Dallas County

Potter/Fused Glass

Jo Taylor is a potter and a fused glass artist. She doesn’t dig or process her clay, but purchases clay bodies that can take the thermal shock of Raku firing.” I don’t know how long it takes to create one piece because there are several steps from start to completion on the pottery pieces, as well as the glass pieces. It also depends on the size of the piece and whether it was either a hand built pottery piece or a thrown pottery piece. Glass pieces have to be cut, assembled, glued, fused, fired in a kiln and, possibly, slump fired in a mold to take on a form. I have never timed it,” she said.

Speaking with enthusiasm, Jo described her education leading up to her college degrees.” I had to take a Ceramic Hand-building class when I was working on an art education degree in the 1990’s.I found working in clay fascinating because what could be created in clay was virtually endless. It was also three-dimensional and the most challenging media I had ever worked with. I enjoy the challenge of trying to get a pottery piece through all the steps successfully and seeing the metamorphosis of a lump of clay turned into a piece of art. What a kicker it is when all goes good!”

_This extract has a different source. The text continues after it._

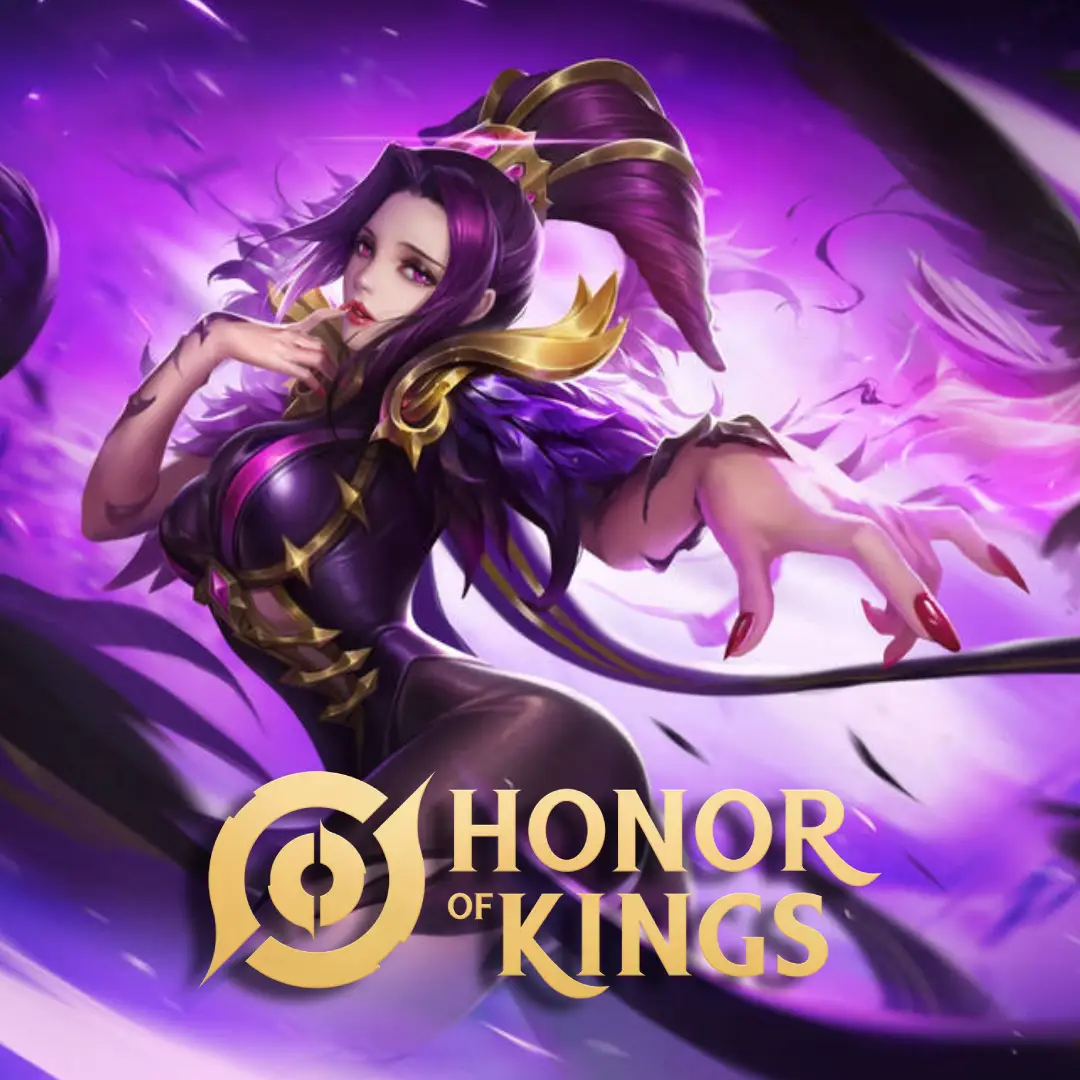 Honor of Kings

Jo received a B.S. in Art Education from Auburn University in Montgomery in 1998 and taught one year. While auditing classes at the University of Montevallo, her sculpture professor, Ted Metz, suggested that she return to school and get a Bachelor of Fine Arts.” That is exactly what I did,” said Jo.In 2005, after working 30 hours a week in Selma, commuting to Montevallo to take one or two classes a semester, Jo graduated, again. According to Jo “It was worth all the hard work.”

Always active, Jo attended workshops with the potters and clay artists Rick Berman, Lana Wilson, Charlie and Linda Riggs, and Val Cushing. In discussing her other talents, Jo has created watercolor and oil paintings, drawings, etchings and prints, cast bronze sculptures and sheet metal sculptures.